Die 1500 Kilogramm schwere Bombe war in einem Abwassertanker versteckt gewesen. Offenbar hatte der Fahrer versucht, den Laster tiefer in die sogenannte „Grüne Zone“ zu fahren, in der sich Botschaften und das Nato-Hauptquartier befinden, war aber am Zanaq-Platz von afghanischen Sicherheitskräften gestoppt worden. Daraufhin ließ er seinen Sprengsatz detonieren. Unklar ist, wie der Attentäter überhaupt so weit in die streng bewachte Zone vordringen konnte. Die Opfer waren vor allem Afghanen, die auf dem Weg zur Arbeit, zum Einkauf oder zur Schule waren. Bislang hat sich niemand zu dem Anschlag, der mitten im für Muslime heiligen Fastenmonat Ramadan stattfand, bekannt.

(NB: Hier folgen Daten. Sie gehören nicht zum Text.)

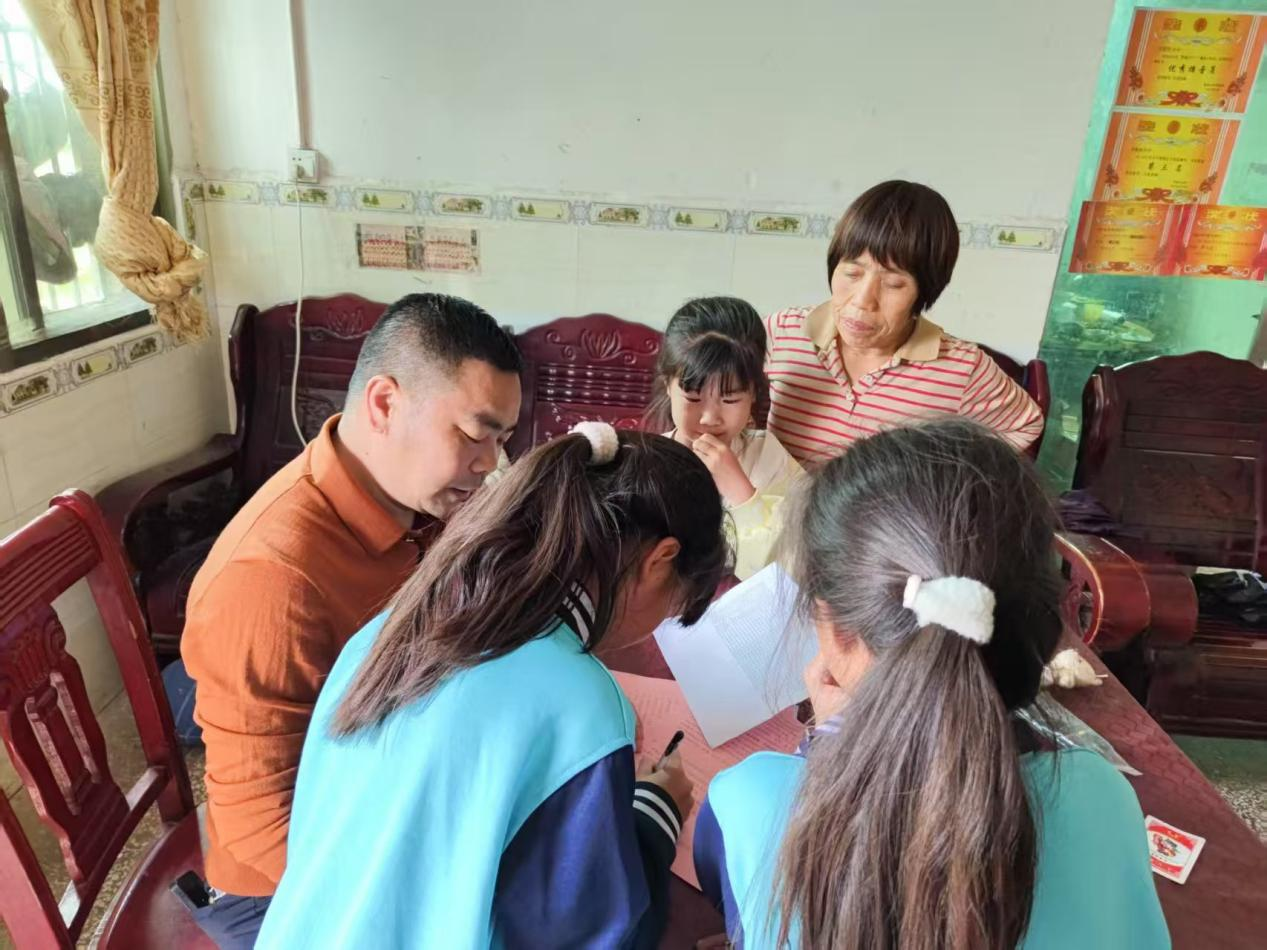 筑安全防线 护生命之花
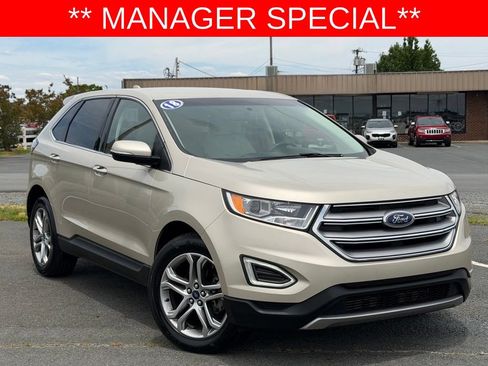 Used 2018 Ford Edge Titanium FWD image 1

Afghanistans Nachrichtendienst NSD erklärte, weder die aufständischen Taliban noch der „Islamische Staat“ verfügten über die Kapazitäten, einen so schweren Anschlag zu verüben.

Er beschuldigte das Hakkani-Netzwerk und den pakistanischen Militärgeheimdienst ISI, hinter dem Anschlag zu stehen. Die von Jalalludin Hakkani gegründete Terrorgruppe kämpfte in den 1980er Jahren unterstützt von den USA gegen die sowjetische Armee in Afghanistan und hat enge Verbindungen zu Al Qaida und den Taliban.

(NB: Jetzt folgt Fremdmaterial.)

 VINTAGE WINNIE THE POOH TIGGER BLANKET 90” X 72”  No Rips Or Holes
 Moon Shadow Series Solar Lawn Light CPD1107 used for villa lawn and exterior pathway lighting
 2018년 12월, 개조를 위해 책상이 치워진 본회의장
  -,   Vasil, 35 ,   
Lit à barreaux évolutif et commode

Präsident Ghani kündigte am Donnerstag an, er werde elf Terroristen hinrichten lassen. Ein entsprechendes Dekret habe er unterzeichnet, sagte eine Palastquelle, die nicht genannt werden wollte. Der Sender Tolo TV berichtete, dass auf der Liste in afghanischen Gefängnissen sitzende Kämpfer der radikalislamischen Taliban sowie des Hakkani-Netzwerkes stünden.